Australia has banned the first televised pro-euthanasia advert which featured a terminally ill man saying: "I did not choose this."
Published: 1:50PM BST 14 Sep 2010
The 45-second advert featured an ill-looking man sitting on a bed talking about the choices he has made in life.
"I chose to marry Tina, have two great kids. I chose to always drive a Ford," the actor says. "What I didn't choose is being terminally ill.
"I didn't choose to starve to death because eating is like swallowing razor blades. I certainly didn't choose to have to watch my family go through it with me. I've made my final choice.
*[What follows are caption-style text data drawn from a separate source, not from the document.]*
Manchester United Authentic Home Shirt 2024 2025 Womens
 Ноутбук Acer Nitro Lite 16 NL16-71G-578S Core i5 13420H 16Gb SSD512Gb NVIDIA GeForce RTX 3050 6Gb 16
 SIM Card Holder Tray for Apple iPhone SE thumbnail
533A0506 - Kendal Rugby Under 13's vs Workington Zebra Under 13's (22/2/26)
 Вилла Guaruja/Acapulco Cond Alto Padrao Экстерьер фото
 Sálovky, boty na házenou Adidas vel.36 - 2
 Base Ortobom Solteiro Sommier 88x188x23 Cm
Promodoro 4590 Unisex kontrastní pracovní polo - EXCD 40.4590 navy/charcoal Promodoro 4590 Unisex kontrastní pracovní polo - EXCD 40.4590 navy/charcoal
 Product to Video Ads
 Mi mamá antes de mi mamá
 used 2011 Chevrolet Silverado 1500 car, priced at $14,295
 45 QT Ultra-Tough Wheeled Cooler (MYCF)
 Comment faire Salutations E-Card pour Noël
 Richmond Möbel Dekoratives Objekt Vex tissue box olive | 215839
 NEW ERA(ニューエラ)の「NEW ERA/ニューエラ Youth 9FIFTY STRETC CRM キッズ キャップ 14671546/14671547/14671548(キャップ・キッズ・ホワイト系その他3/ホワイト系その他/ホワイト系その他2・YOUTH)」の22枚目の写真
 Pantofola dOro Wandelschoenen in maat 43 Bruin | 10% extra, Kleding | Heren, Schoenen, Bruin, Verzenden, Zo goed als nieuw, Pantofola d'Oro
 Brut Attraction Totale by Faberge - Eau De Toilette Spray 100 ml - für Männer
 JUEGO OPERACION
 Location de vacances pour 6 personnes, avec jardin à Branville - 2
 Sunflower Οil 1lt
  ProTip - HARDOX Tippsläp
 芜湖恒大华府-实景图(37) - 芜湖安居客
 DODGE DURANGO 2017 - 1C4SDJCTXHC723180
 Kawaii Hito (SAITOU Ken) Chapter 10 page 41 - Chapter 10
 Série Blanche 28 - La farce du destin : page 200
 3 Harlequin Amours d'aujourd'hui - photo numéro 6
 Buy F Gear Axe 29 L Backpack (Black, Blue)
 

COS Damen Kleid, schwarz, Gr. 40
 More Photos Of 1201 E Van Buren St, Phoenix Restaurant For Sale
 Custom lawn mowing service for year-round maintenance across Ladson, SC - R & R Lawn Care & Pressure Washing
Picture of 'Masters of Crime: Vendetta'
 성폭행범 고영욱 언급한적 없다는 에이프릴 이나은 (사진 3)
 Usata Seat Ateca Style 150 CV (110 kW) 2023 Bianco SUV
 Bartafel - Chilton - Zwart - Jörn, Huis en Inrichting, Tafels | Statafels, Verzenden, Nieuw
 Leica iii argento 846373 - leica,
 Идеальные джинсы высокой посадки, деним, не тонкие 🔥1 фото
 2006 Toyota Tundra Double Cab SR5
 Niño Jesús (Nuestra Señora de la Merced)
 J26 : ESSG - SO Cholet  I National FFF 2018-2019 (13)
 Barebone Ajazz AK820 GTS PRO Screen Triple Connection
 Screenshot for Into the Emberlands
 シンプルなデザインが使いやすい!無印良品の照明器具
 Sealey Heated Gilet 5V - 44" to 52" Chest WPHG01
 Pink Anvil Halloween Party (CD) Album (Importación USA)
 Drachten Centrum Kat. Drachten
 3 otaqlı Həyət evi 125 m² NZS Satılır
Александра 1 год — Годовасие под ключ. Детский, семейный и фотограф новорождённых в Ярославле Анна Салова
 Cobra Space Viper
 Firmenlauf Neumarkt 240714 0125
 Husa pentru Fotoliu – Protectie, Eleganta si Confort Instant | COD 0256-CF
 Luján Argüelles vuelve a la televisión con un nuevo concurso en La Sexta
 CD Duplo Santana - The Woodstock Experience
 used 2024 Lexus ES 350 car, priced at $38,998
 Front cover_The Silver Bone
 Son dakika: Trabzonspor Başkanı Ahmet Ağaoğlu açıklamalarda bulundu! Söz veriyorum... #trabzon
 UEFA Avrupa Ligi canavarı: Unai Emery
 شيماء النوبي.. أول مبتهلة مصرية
I just need the government to listen."
The advert was knocked back by Free TV Australia, which regulates all advertising material for free-to-air commercial stations, saying it would probably breach television's code of conduct.
The code "states that material which promotes or encourages suicide will invariably be unsuitable for television," it said in a statement.
"Free TV Australia expresses no view on the ethical and legal debate surrounding voluntary euthanasia and has no interest in suppressing debate on this sensitive issue," it added.
Veteran euthanasia campaigner Philip Nitschke said his Exit International, which made the advert, had since submitted a shortened version for approval and would press ahead with accompanying billboard ads.
He rejected the proposition that the advert promoted suicide, describing it as a political statement about the fact that euthanasia was illegal in Australia.
Australia's Northern Territory introduced the world's first voluntary euthanasia legislation in 1995 but it was overturned by the federal government and euthanasia remains a crime in the country.